Managed healthcare services are on the increase as a result of the need to control spiralling medical costs and abuse of medical aid funding.
While many schemes have their own internal managed healthcare departments, many are outsourcing all or parts of this aspect of their business to companies such as Medical Services Organisation (MSO). MSO, a subsidiary through Healthcare Management Holdings (HMH) of SA Druggists, operates in this competitive arena and is the third largest managed healthcare company in the country. It manages 620 000 medical aid members and dependants for schemes such as Northern Medical Aid, IFM, Malcor, BP SA and Fedsure Health. Its pre-authorisation department takes 2 200 calls a day and authorises medical treatment worth R22 million a month. It employs 80 qualified medical practitioners including nurses and doctors to answer calls from medical aid scheme members.
To manage and process their administration, MSO needed a complex system that could cross-reference and drill down from patients` files to service providers` files and vice versa. When MSO started operating three years ago, no suitable off-the shelf system existed, but medical aid software specialist MIP Solutions could offer a solution. MIP redeveloped its existing MedStar system, now renamed MedCap, to meet MSO`s needs.
"We needed a system that linksed the records of each medical aid member`s history, and a tracking device to keep tabs on service providers, right down to individual doctor level within an institution or practice," says Kevin Aron, MSO`s chief operating officer of MSO.
Like MedStar, MedCap is based on the Progress database. At MSO it runs on a Sun server and is networked to 100 users including 40 off-site via a TCP/IP network and Diginet line.
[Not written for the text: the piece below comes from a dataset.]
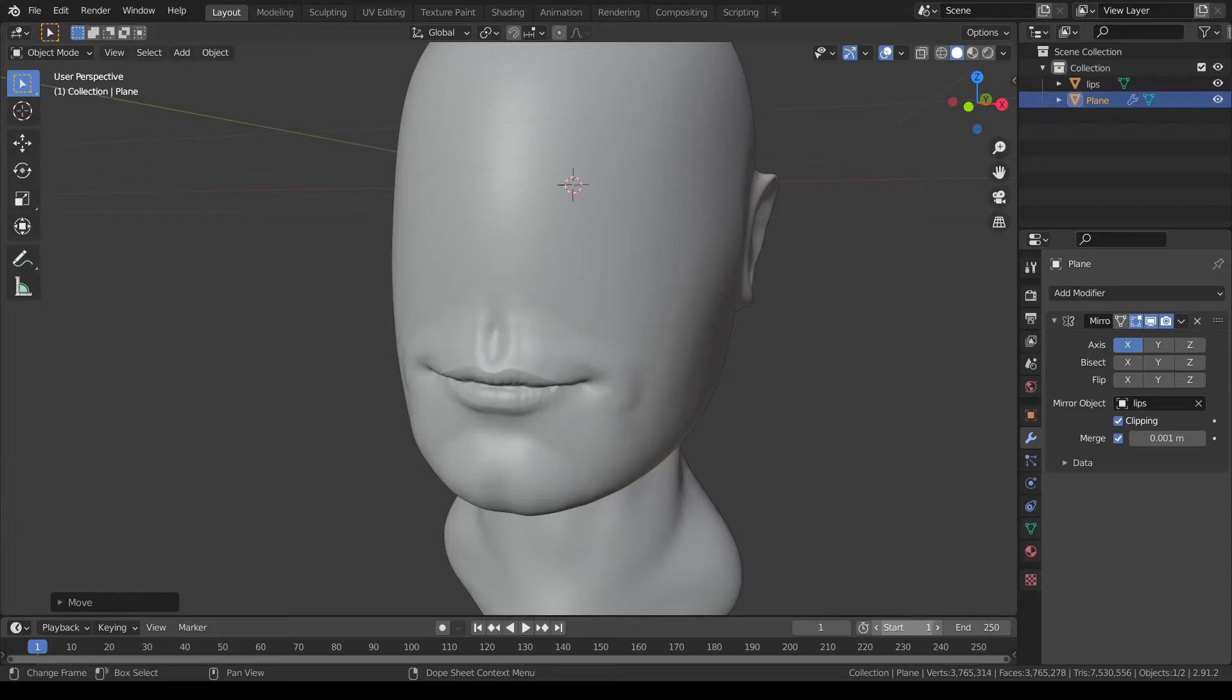In this video, you'll learn the Blender workflow to re-topologize a high-poly asset, and then bake the details from the high-poly mesh to the low-poly one using normal maps.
Key features include a pre-authorisation module that allows MSO to capture, in fine detail, the authorisation process for any medical procedure required by a patient. The case management procedure for each patient is initiated from this screen.
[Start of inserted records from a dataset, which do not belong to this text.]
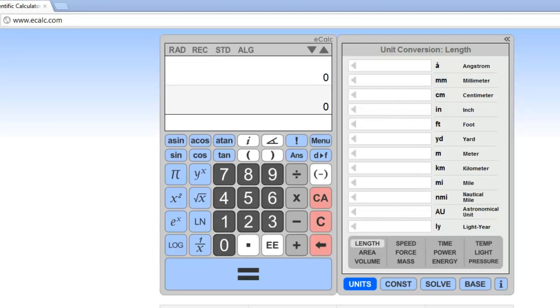So we can get an idea of what's going on with reverse Polish notation, I've brought up this website called eCalc.com, and they have a simulated calculator here that allows you to do standard infix notation and also reverse Polish notation.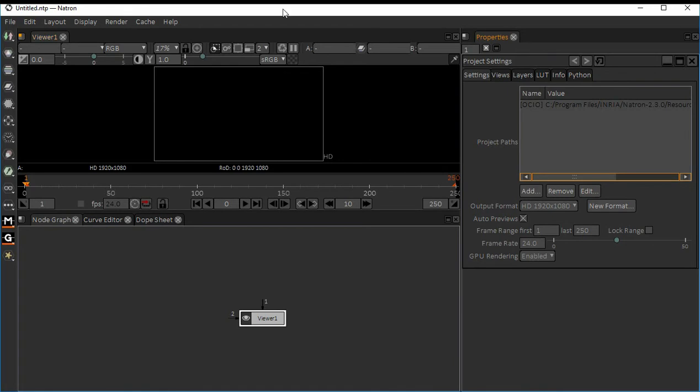Hi everyone, today we are going to see what is Natron. Natron is something like Nuke, it's a node-based compositing software. It's open source, of course, it's like Nuke exactly.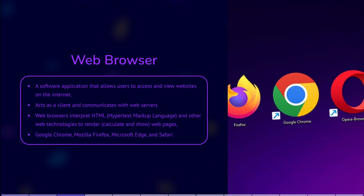Web browser. A web browser is a software application that enables users to access and view websites on the internet. It acts as a client that receives data, and this client has the job of showing this data to the user. The client is the browser, and it communicates with web servers using protocols like HTTP and HTTPS.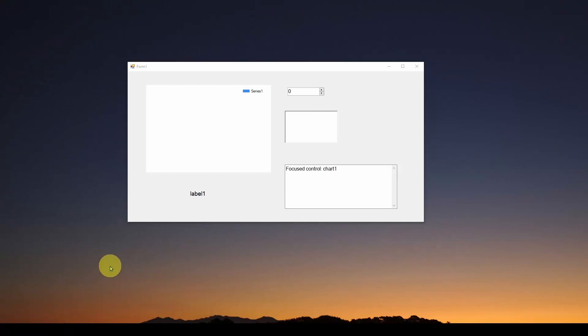Welcome back. Today we're going to talk about an aspect of C# Visual Studio Windows Forms controls, and that is called the focus.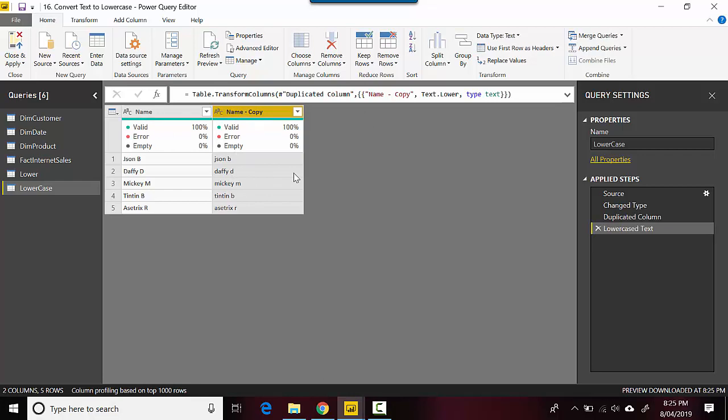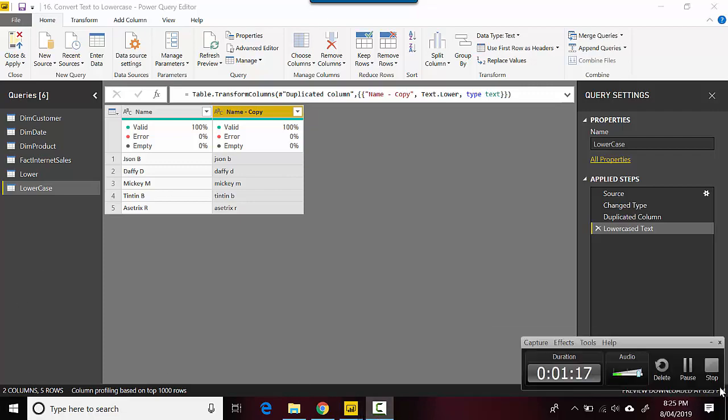to convert the text string to lowercase in Power BI. We specifically use Power Query for this. I hope you find this video useful and thanks for watching this video. Please do subscribe to my channel if you enjoy what I'm doing. Thanks again, cheers.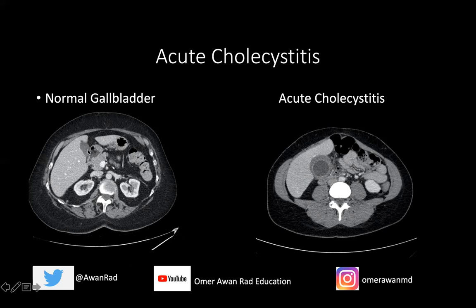Looking at the normal CT image, the gallbladder is a fluid-filled ovoid structure adjacent to the liver in the right upper quadrant. In a patient with acute cholecystitis, notice how distended the gallbladder is — more than four centimeters of distension is a sign of acute cholecystitis. There is also dark hypoattenuation around the gallbladder, called pericholecystic edema or pericholecystic fluid — another sign of acute cholecystitis.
A separate but integrated module manages MSO`s interface with service providers such as hospitals and clinics.
A contracts module enables MSO to manage individual contracts with each of its service providers down to the level of negotiated fee for service. Functionality related to the contracts module includes the ability to include or exclude service providers from a network, and the ability to identify individual providers such as a specific doctor in a group practice. "This is important when you want to profile the doctors to find out who is over-servicing. It becomes a key element of managing preferred provider contracts," says Aron.
"MIP also wrote a special clinical audit module that automatically picks up medical aid abuse such as billing by hospitals for use of equipment they do not possess. An example would be a hospital charging for an angiogram when it does not have an angiogram machine," says Diane Pennells, GM of MSO. The system is able to interface with providers and medical aids` databases and exchange information. "Pressure on our call centre was recently reduced by the integration of an automatic fax file server that batches all authorisations done during the day and faxes them out at night when the call centre is closed," says Pennells. "This opened telephone lines for incoming faxes from client members and reduced our phone bill."
MSO plans several additional enhancements to the system in the year ahead. The current ACD system has been extensively improved with the purchase of an Alcatel PABX and call centre. A voice recording system linked to the MedCap system is also expected to improve efficiencies. In addition, MSO is investigating an Internet interface to enable service providers to update its files regarding authorised patients admitted and discharged on a daily basis. This will further reduce the burden on the call centre currently taking these calls.